**** Information shown ****

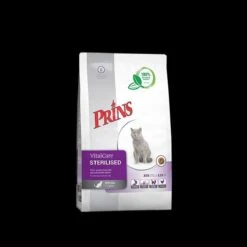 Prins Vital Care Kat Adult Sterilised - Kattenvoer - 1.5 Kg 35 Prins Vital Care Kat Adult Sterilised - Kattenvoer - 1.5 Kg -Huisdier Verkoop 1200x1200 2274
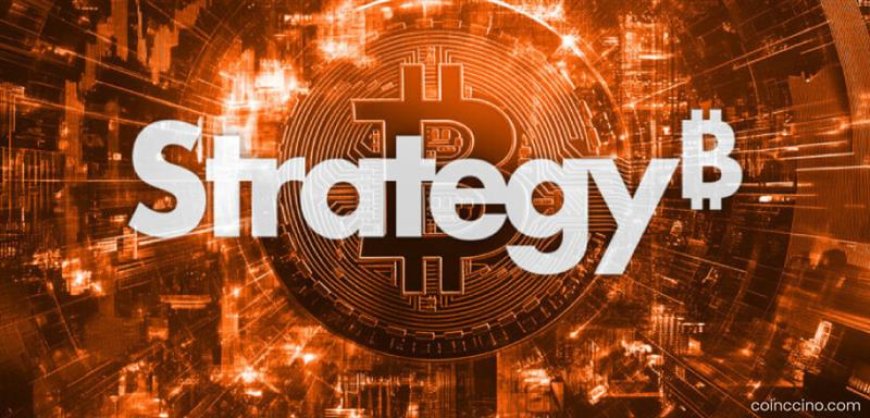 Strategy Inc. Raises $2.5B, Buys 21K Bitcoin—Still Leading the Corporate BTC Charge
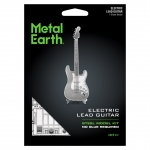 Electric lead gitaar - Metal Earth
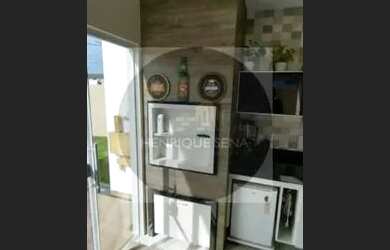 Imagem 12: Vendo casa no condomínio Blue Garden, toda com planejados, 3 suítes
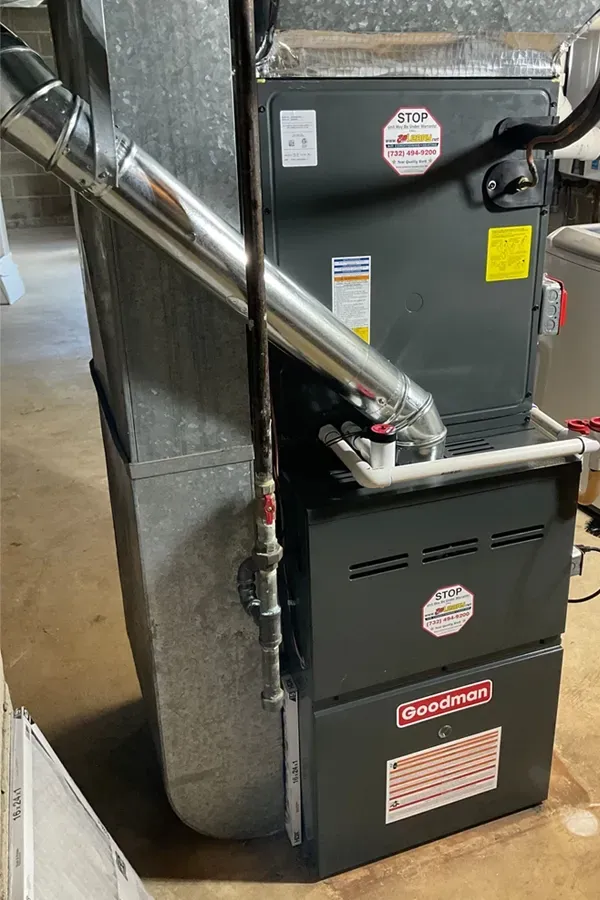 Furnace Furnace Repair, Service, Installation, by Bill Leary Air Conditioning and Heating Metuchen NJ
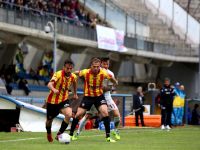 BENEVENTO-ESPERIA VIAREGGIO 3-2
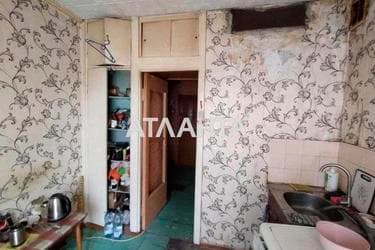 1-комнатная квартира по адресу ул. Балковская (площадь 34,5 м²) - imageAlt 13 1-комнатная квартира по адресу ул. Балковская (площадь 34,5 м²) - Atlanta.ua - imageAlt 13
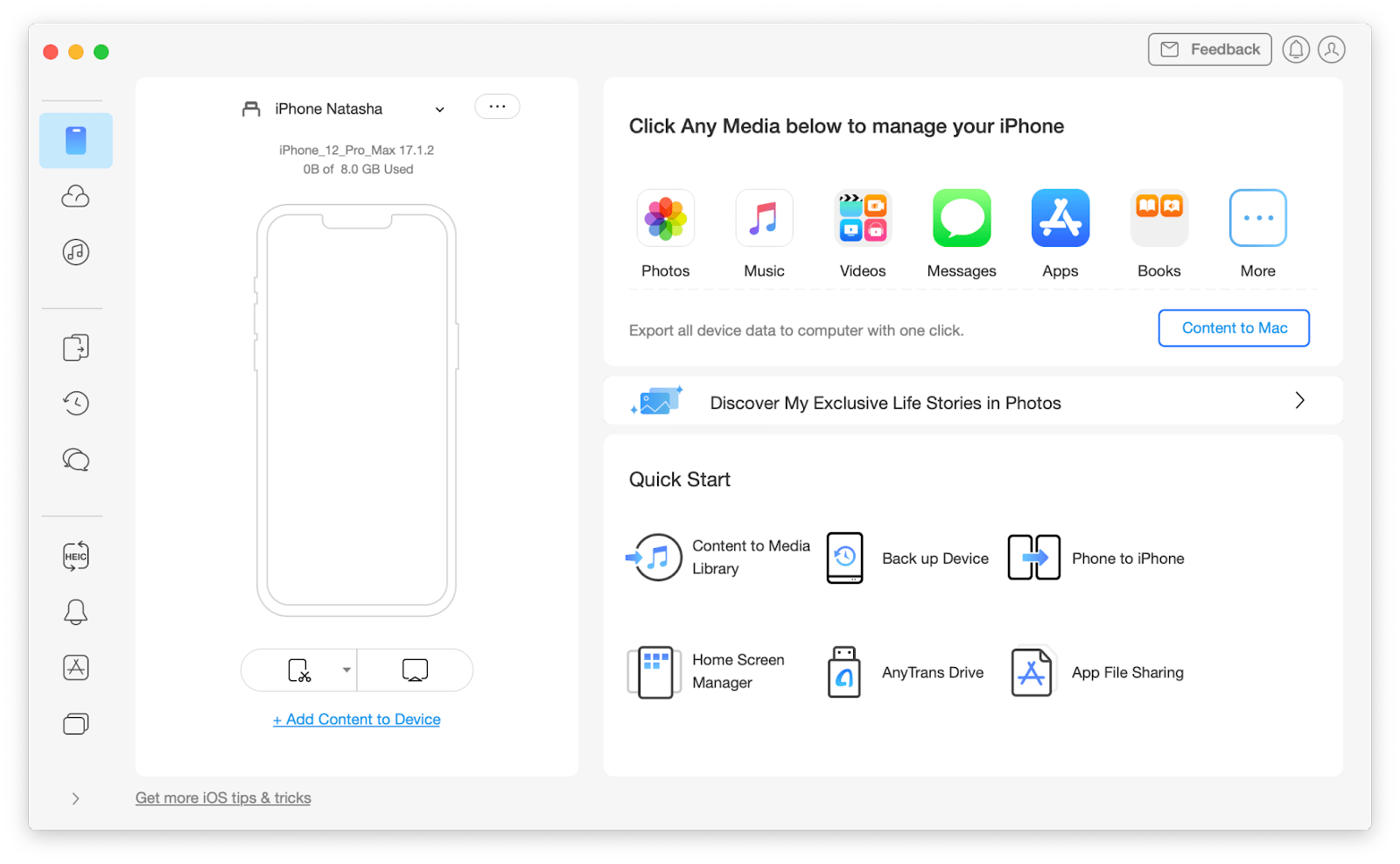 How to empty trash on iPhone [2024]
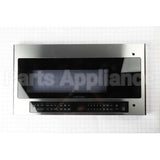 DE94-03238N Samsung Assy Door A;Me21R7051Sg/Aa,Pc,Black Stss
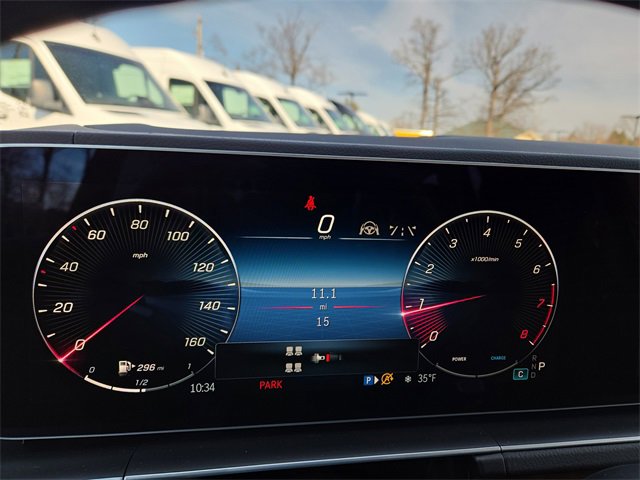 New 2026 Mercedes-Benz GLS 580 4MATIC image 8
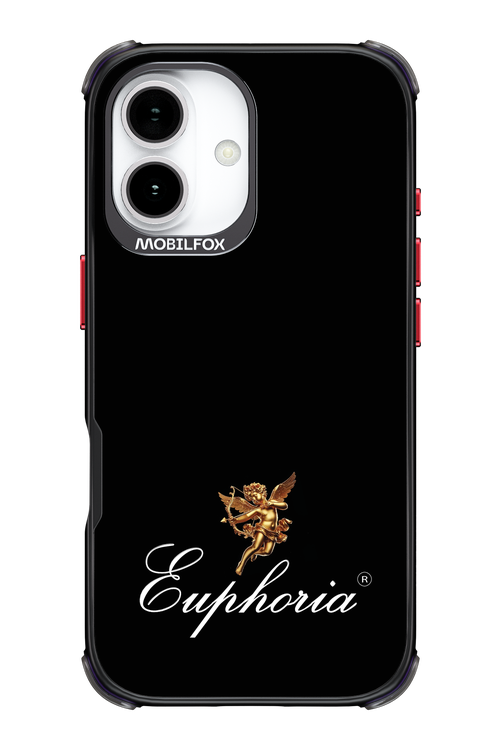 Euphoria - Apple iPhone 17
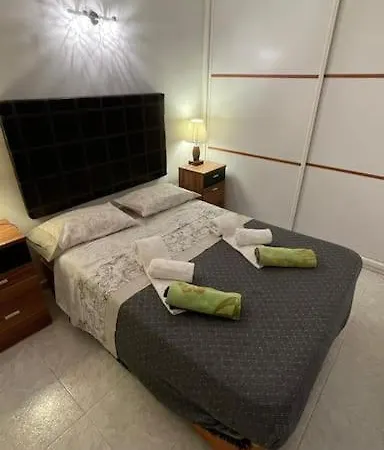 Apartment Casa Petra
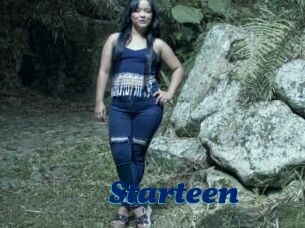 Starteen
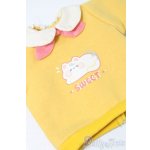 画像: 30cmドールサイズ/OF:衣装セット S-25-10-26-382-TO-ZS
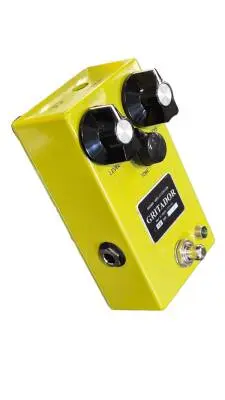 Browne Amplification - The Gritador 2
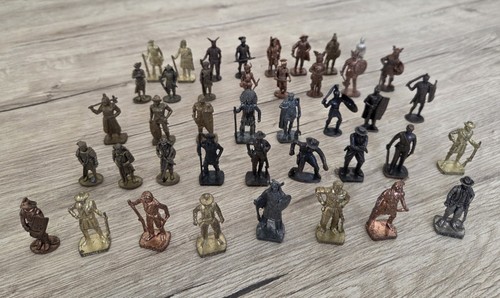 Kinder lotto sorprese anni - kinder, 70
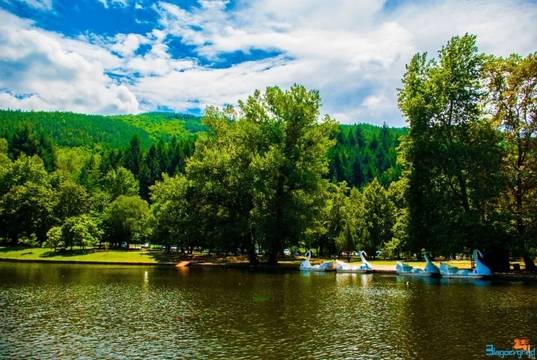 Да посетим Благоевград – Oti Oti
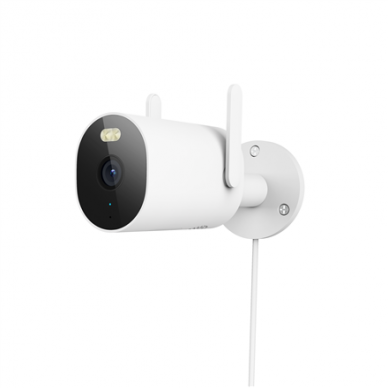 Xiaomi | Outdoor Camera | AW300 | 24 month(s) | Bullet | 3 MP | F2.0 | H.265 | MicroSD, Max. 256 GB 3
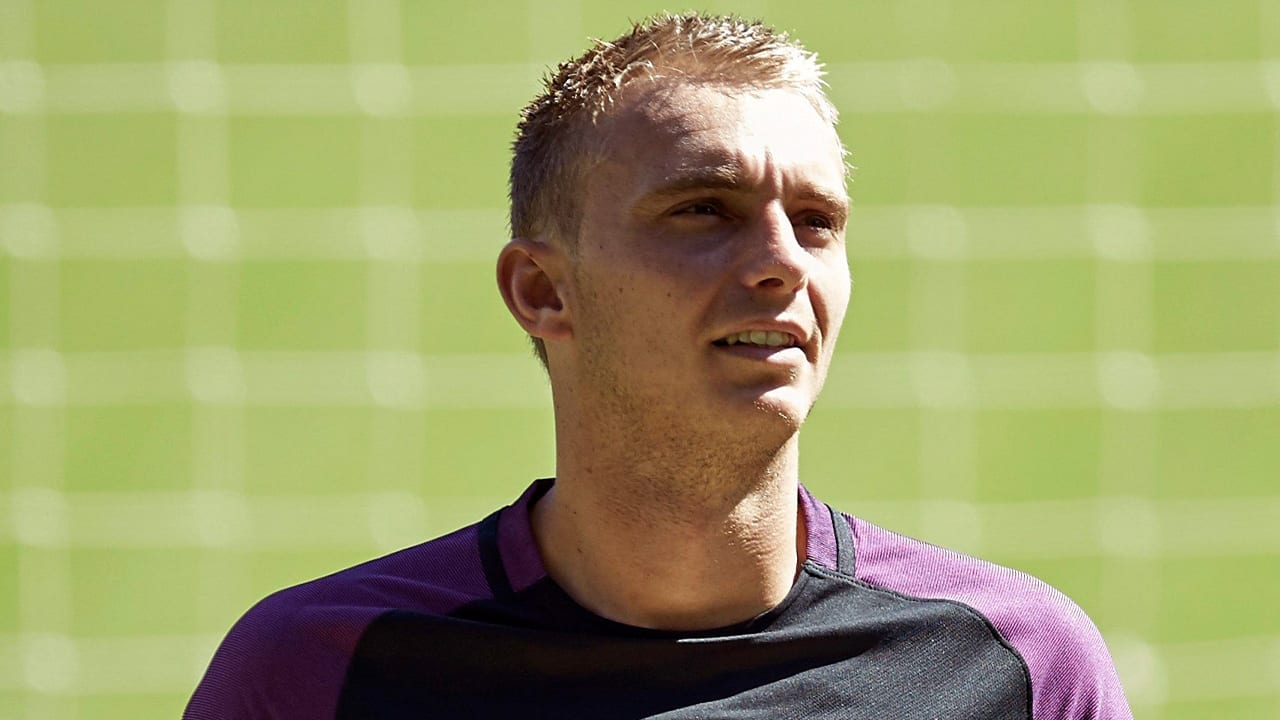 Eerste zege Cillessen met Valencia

****

### Work instruction
Apart from the pictures, return the records exactly.

### Completed exercise
 Prins Vital Care Kat Adult Sterilised - Kattenvoer - 1.5 Kg 35 Prins Vital Care Kat Adult Sterilised - Kattenvoer - 1.5 Kg -Huisdier Verkoop 1200x1200 2274
 Strategy Inc. Raises $2.5B, Buys 21K Bitcoin—Still Leading the Corporate BTC Charge
 Electric lead gitaar - Metal Earth
 Imagem 12: Vendo casa no condomínio Blue Garden, toda com planejados, 3 suítes
 Furnace Furnace Repair, Service, Installation, by Bill Leary Air Conditioning and Heating Metuchen NJ
 BENEVENTO-ESPERIA VIAREGGIO 3-2
 1-комнатная квартира по адресу ул. Балковская (площадь 34,5 м²) - imageAlt 13 1-комнатная квартира по адресу ул. Балковская (площадь 34,5 м²) - Atlanta.ua - imageAlt 13
 How to empty trash on iPhone [2024]
 DE94-03238N Samsung Assy Door A;Me21R7051Sg/Aa,Pc,Black Stss
 New 2026 Mercedes-Benz GLS 580 4MATIC image 8
 Euphoria - Apple iPhone 17
 Apartment Casa Petra
 Starteen
 画像: 30cmドールサイズ/OF:衣装セット S-25-10-26-382-TO-ZS
 Browne Amplification - The Gritador 2
 Kinder lotto sorprese anni - kinder, 70
 Да посетим Благоевград – Oti Oti
 Xiaomi | Outdoor Camera | AW300 | 24 month(s) | Bullet | 3 MP | F2.0 | H.265 | MicroSD, Max. 256 GB 3
 Eerste zege Cillessen met Valencia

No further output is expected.